Since the start of “peace” negotiations between the US and Taliban and in clear violation of cease fire agreements, the Taliban stepped up their targeting of civilians with cowardice and murderous acts of terrorism. One of the groups especially targeted were civil society activists including women human rights defenders.  Since the fall of Afghanistan, repression and pressure on civil society activists, especially women human rights defenders, has continued unabated. Many women human rights defenders who despite all the challenges and shortcomings, had managed serious gains in women’s rights during the past 20 years, were forced to leave Afghanistan after the country fell to the Taliban.  Those who have remained face constant threats, arrests, detention, forced disappearances, imprisonment and torture. 

In the midst of such hopeless circumstances, we have witnessed the emergence of a new group of women human rights defenders in Afghanistan. Many of these women have no or little experience in activism, however, many of them had in the past experienced the injustices of the Taliban rule (1996-2001) or have heard about the horrific violations of women’s rights by the Taliban during those days from their mothers. These activists have stepped up in a virtual vacuum inside the country, to object to the reign of terror imposed by the Taliban. 

Over the last year, women human rights defenders have repeatedly organized public street protests, to demand equal rights for women, the right to work, the right to study, the right to freely choose their own dress, and to demand respect for human rights of all Afghans. By speaking up, these women often risk their own lives and safety.

A number of these women human rights defenders have been arrested, imprisoned and tortured because of their peaceful activism and protests. As a result, some of these women have been forced to confess against themselves and some have also been forced to leave the country. 

Despite the great dangers of publicly objecting to the policies of the Taliban, women’s street protests have continued. Several took place in the lead up to the anniversary of the fall of Afghanistan.  In otherwise bleak times, the persistence of women in this way, is a ray of hope and a testament that Afghans are unwilling to concede their rights to the Taliban.

Recommendations:

* On the one-year anniversary of the fall of Afghanistan, FEMENA commends the public resistance and bravery of Afghan women, who despite great risk to themselves, have repeatedly taken to the streets to tell the world that their voices must be heard.

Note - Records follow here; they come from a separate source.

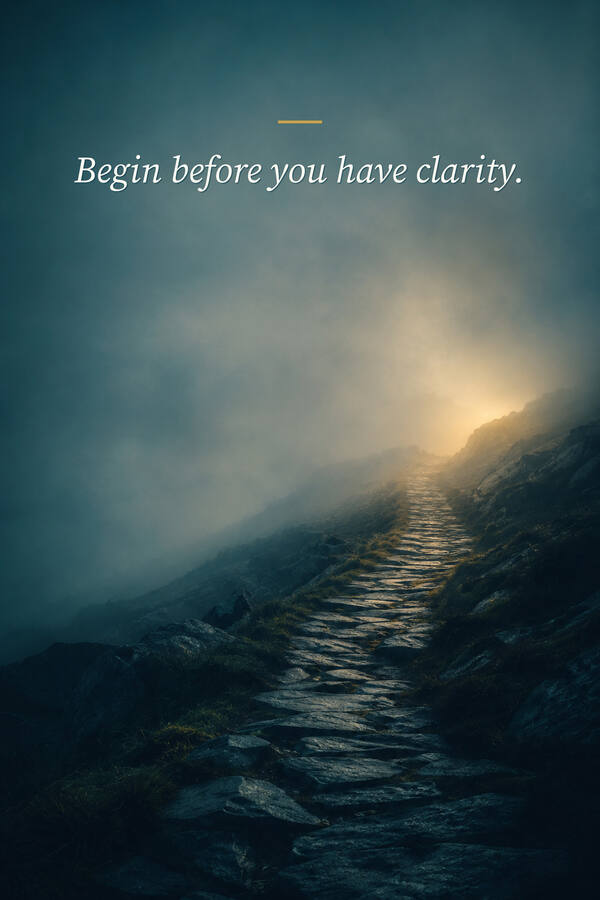 Begin before you have clarity — JEPA Print Lab poster
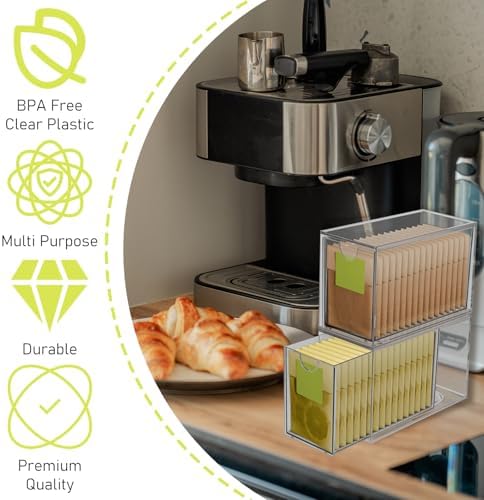 6 Pack Clear Acrylic Tea Bag Organizer Drawer, Stackable Tea Bag& Coffee Storage Container, Multi-Purpose Drawer Organizer for Drawer, Cabinet, Pantry, Kitchen, Countertop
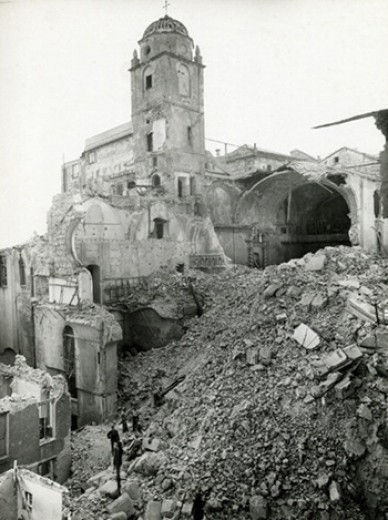 Il monastero di San Silvestro dopo il bombardamento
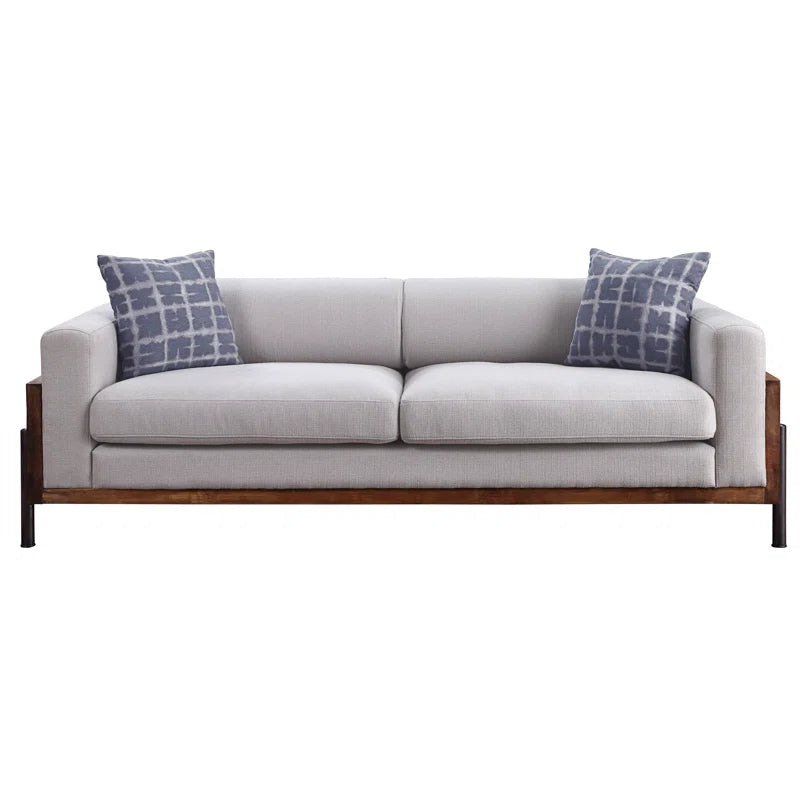 Mid-Century Tufted Sofa – Sturdy Wood Frame, Spring Foam Cushions, and Up to 500 lbs Support for Office Spaces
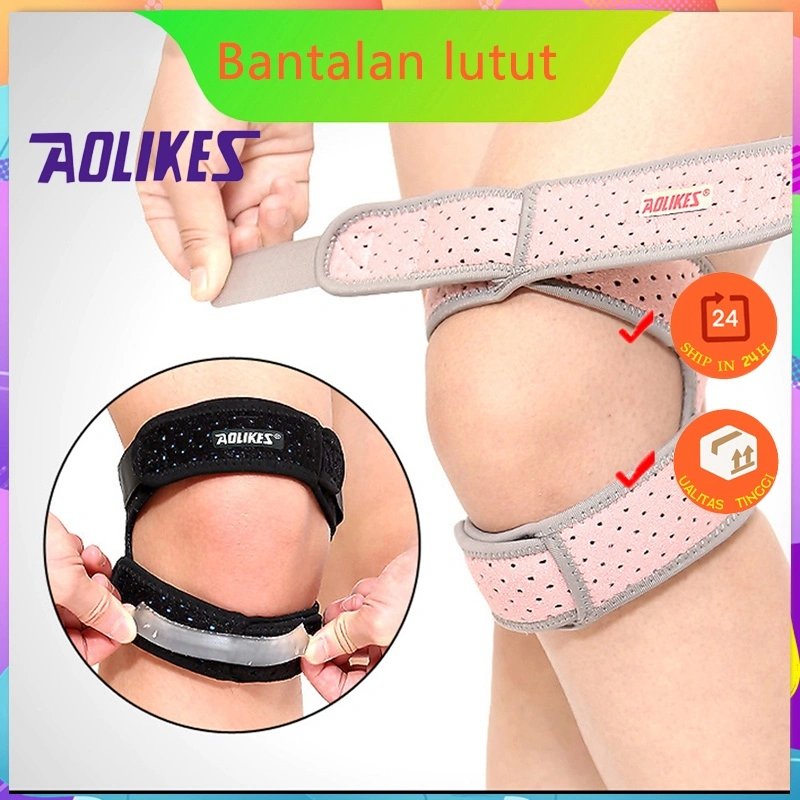 AOLIKES Pelindung Lutut Olahraga Pelindung Tendon Strap Pelindung Lutut Elastis Knee Support Brace Wrap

The world too should refuse to concede on the rights of Afghans, especially the rights of Afghan women and girls, and hold Taliban accountable for rights violations. 

* The international community, including the UN, Western and regional governments, should continue to refuse to recognize the Taliban as the official government of Afghanistan, continue travel bans on Taliban officials and pressure them to respect the rights of all Afghans, especially women, girls, LGBTQI community, and ethnic and religious minorities.

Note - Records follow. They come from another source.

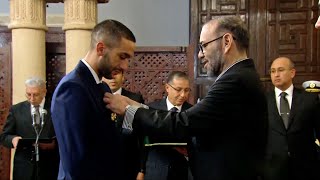 Morocco World Cup heroes are HONOURED by King Mohammed VI [upl. by Eesdnil]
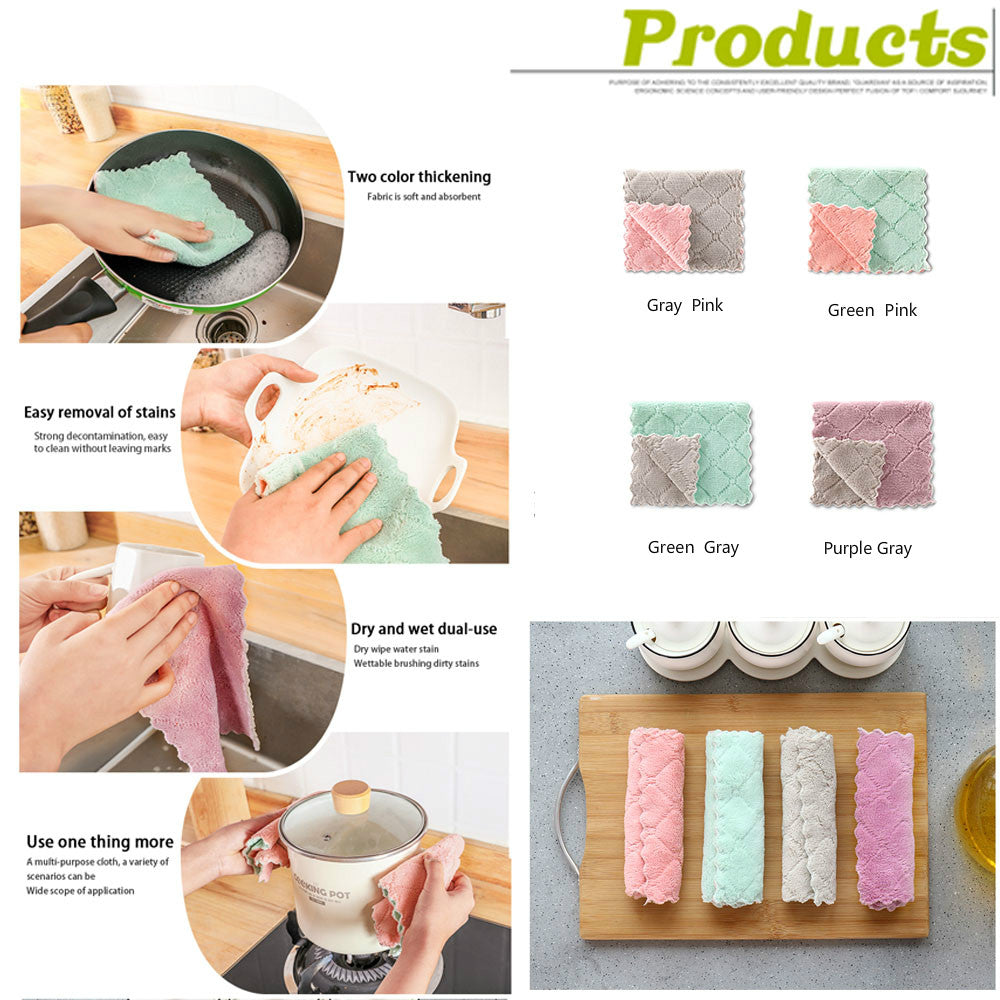 1/5pcs Double-layer Absorbent Microfiber Non-stick Oil  Kitchen Dish Cleaning Cloth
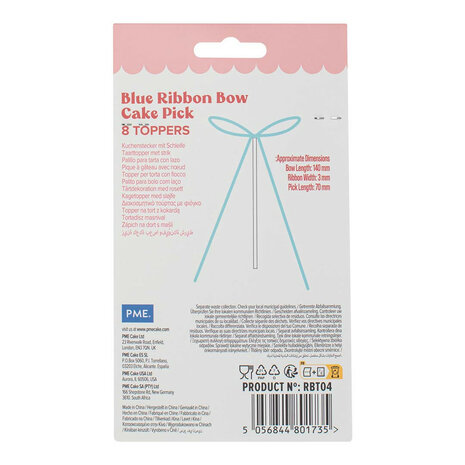PME Lintstrik Taarttoppers – Blauw 8/st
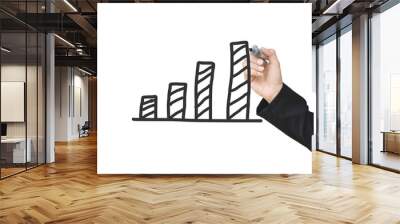 Hand drawing growth graphs of financial indicator and accounting market economy analysis chart, business strategy concept. Wall mural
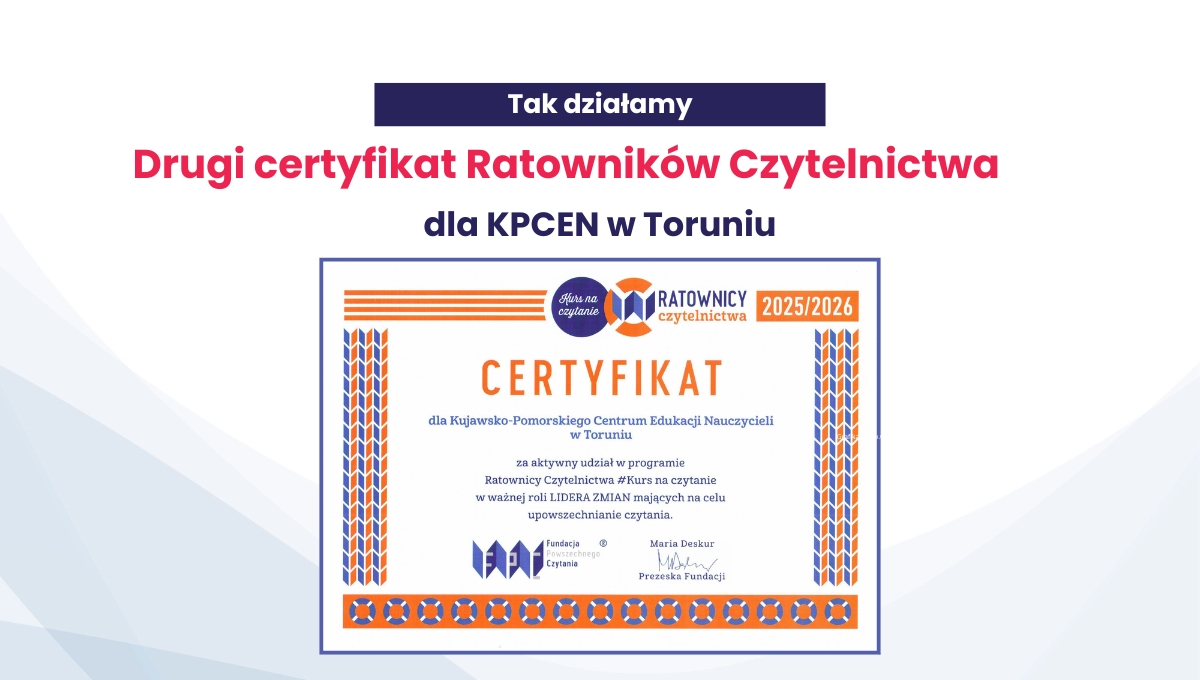 Grafika - Certyfikat Ratowników Czytelnictwa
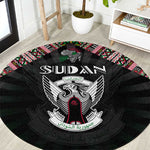Sudan Roots Round Carpet African Pride in Fingerprint and Tribal Colors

* FEMENA calls on the international community to ensure that the voices of emerging women human rights defenders and civil society groups in the country are heard. We urge the international community to support these civil society initiatives by adapting their approach to meet needs unique to groups operating in closed and extremely repressive environments. Like other groups operating in repressive environments, these new initiatives need training and support in order to remain resilient and to be able to operate safely.  

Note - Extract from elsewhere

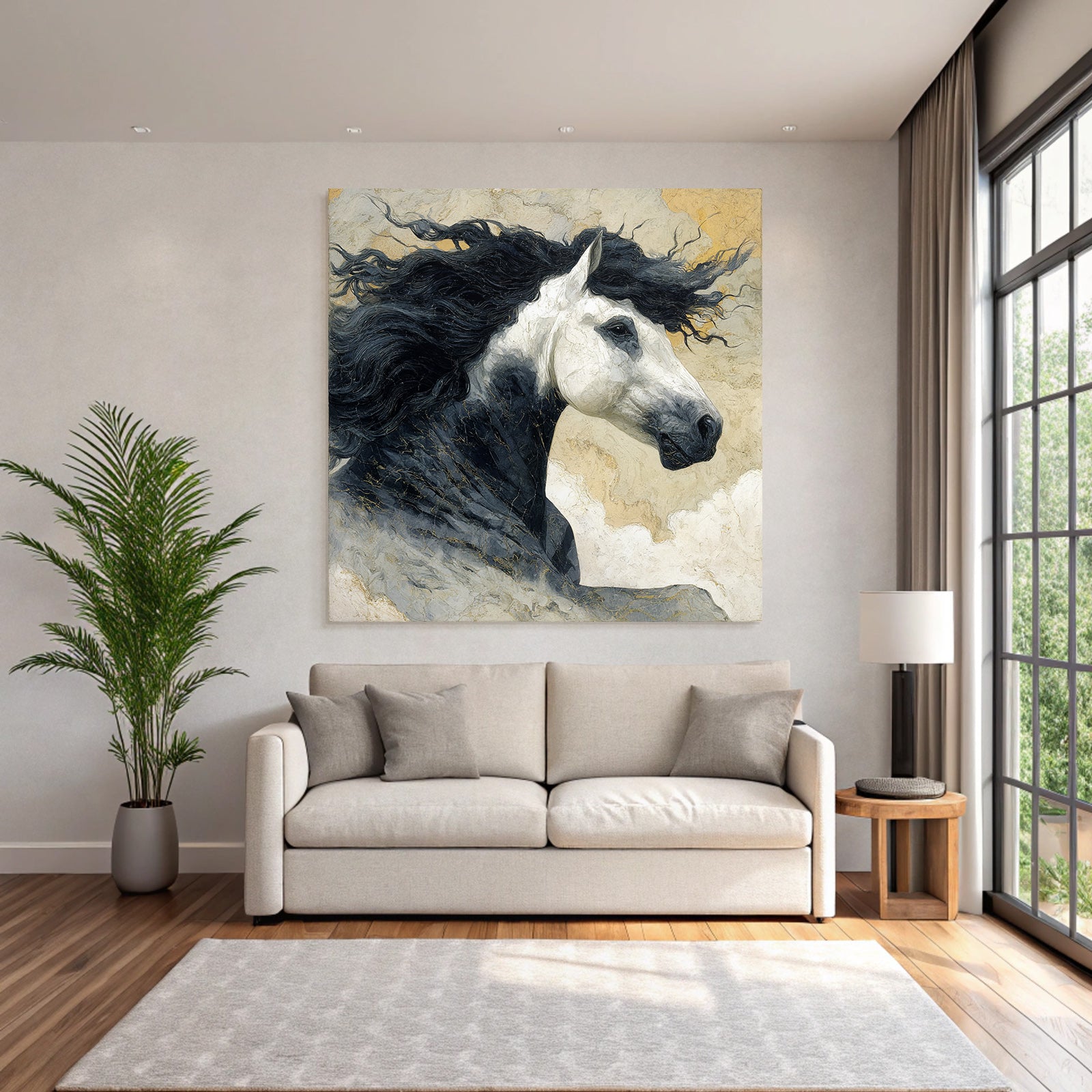 Pferd Mit Wallender Maehne Gemalt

* FEMENA also urges international and regional feminist groups, along with Afghan WHRDs now outside the country, to continue to elevate the voices and demands of Afghan women and girls inside the country. We must all work together to prevent the international community, western and regional governments from engaging with the Taliban in ways that would further undermine the rights of Afghans and especially the rights of women and girls in Afghanistan.